Ora, la cosa straordinaria di Etty Hillesum è che lei giunge a una visione matura come quella della “banalità del male”, e altrettanto inquietante, perché ci invita a rintracciare le radici del male anche in noi stessi, e questo non molti anni dopo la fine della guerra, ma proprio durante le drammatiche vicende della Shoah: innaccettabile alla fine della guerra, quando si sentiva la necessità di esorcizzare il “male radicale” rappresentato dal nazismo, il Diario  di Etty Hillesum ha conosciuto una straordinaria fortuna a partire dagli anni ottanta.

I motivi di tale fortuna tardiva sono, in primo luogo, l’interesse per la spiritualità di Etty, radicata nell’ebraismo, ma aperta anche ad altre forme di religiosità, dal cristianesimo alle filosofie orientali – una spiritualità, la sua, che viene incontro a un confuso ma sincero bisogno religioso del nostro tempo -, e, in secondo luogo, l’attenzione rivolta ai testi della Hillesum da parte di una vasto pubblico di lettrici.
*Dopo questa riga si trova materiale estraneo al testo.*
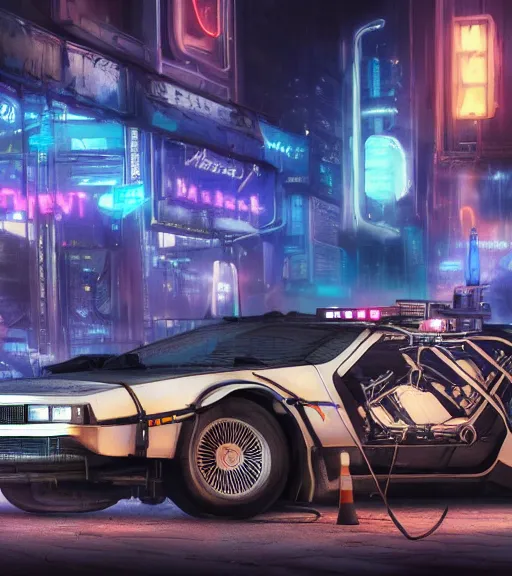 Image similar to steampunk delorean in a cyberpunk city, neon signs, futuristic, realistic, 8 k, extremely detailed, cgi, trending on artstation, hyper - realistic render, 4 k hd wallpaper, premium prints available, by greg rutkowski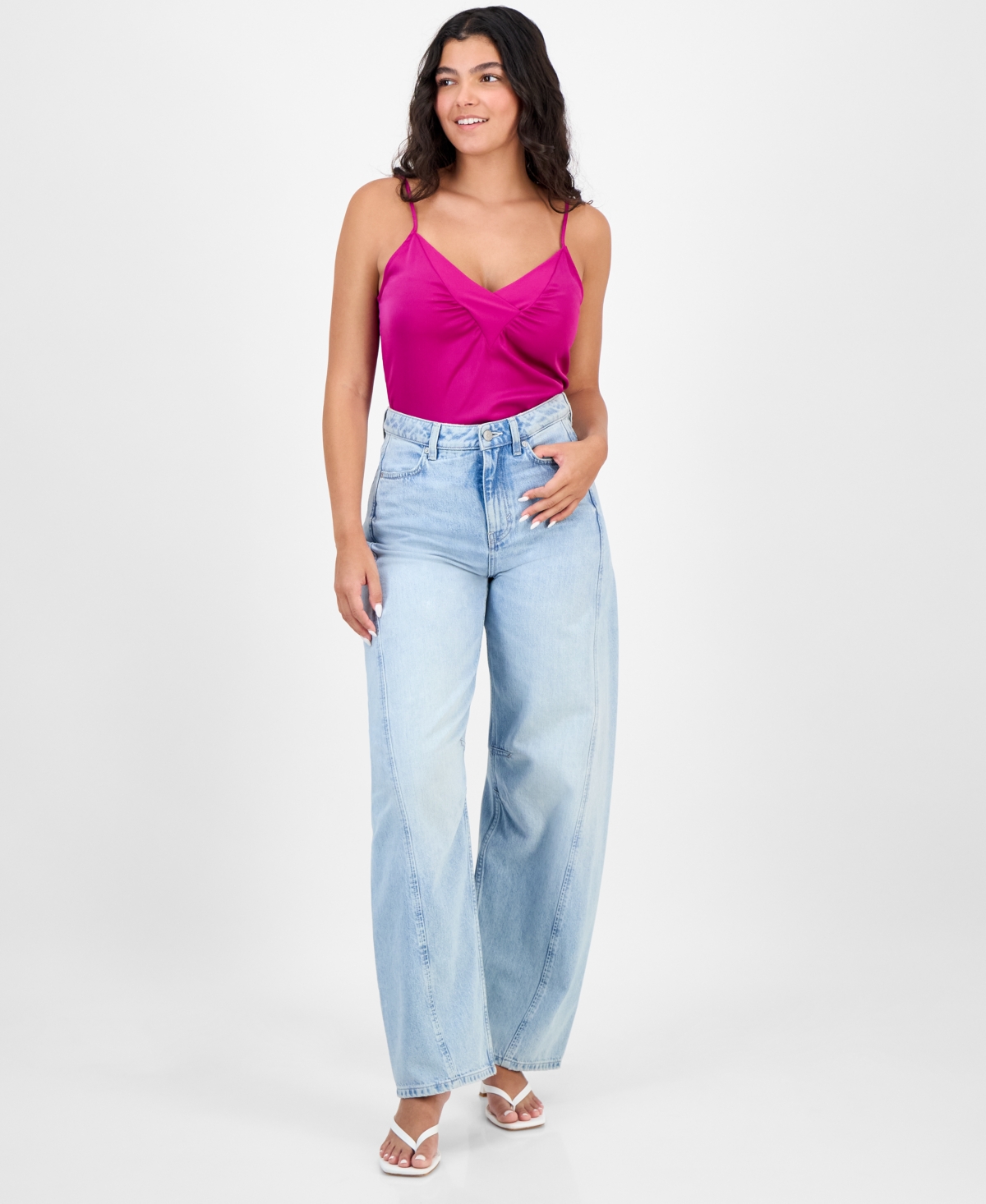 Hugo Boss Women's Cotton High-rise Ankle Balloon Jeans In Blue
Da quest’ultimo punto di vista, conta il fatto che Etty Hillesum è una donna: io credo che, nel suo modo di opporsi a una realtà fatta di violenza e odio, si possa riconoscere il segno della sua differenza femminile.

Il radicamento di Etty nella differenza femminile si può scorgere, in primo luogo, a mio avviso, nel suo modo di lottare contro il male a partire da sé e dalle proprie relazioni con gli altri. Partire da sé è una modalità di pensiero e di azione – una pratica – a cui ha dato nome e dignità politica il movimento delle donne: Etty Hillesum, pur non collocandosi in un orizzonte femminista, parte spontaneamente da sé e dalle proprie relazioni per contrastare il male che le circostanze impongono drammaticamente alla sua attenzione.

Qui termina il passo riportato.